WHAT THE EXERCISE ASKS>
In the material below, the lines from the one containing "Quinta do Pinto" through the one containing "3 E46 Series" are to be given again exactly, ends included, and no others.

RECORDS PROVIDED>
◆ ◆ ◆ ◆ ◆
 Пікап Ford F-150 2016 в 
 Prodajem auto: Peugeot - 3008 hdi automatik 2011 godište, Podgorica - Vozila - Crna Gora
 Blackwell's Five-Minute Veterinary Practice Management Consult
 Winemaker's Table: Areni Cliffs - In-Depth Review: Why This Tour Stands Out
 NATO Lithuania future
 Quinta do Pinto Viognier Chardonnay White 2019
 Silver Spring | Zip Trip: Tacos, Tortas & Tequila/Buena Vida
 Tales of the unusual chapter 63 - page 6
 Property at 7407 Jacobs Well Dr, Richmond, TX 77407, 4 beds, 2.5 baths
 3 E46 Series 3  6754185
◆ ◆ ◆ ◆ ◆
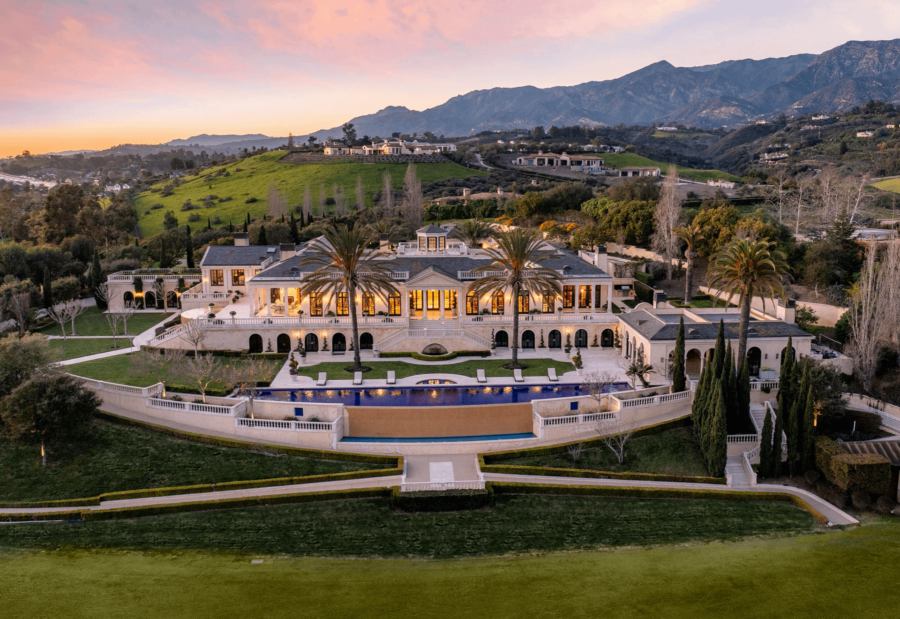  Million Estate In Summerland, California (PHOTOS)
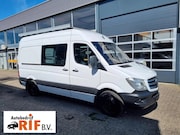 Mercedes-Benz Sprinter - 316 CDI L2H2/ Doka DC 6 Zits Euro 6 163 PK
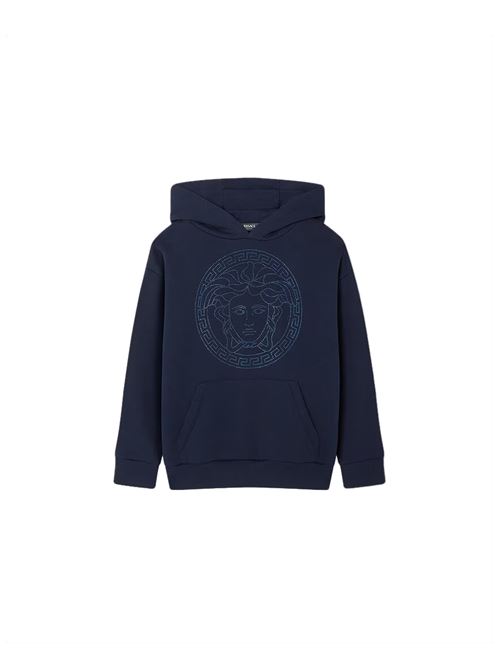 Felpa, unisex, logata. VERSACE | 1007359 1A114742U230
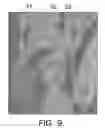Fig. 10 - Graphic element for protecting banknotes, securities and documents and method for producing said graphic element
◆ ◆ ◆ ◆ ◆
FINISHED EXERCISE>
 Quinta do Pinto Viognier Chardonnay White 2019
 Silver Spring | Zip Trip: Tacos, Tortas & Tequila/Buena Vida
 Tales of the unusual chapter 63 - page 6
 Property at 7407 Jacobs Well Dr, Richmond, TX 77407, 4 beds, 2.5 baths
 3 E46 Series 3  6754185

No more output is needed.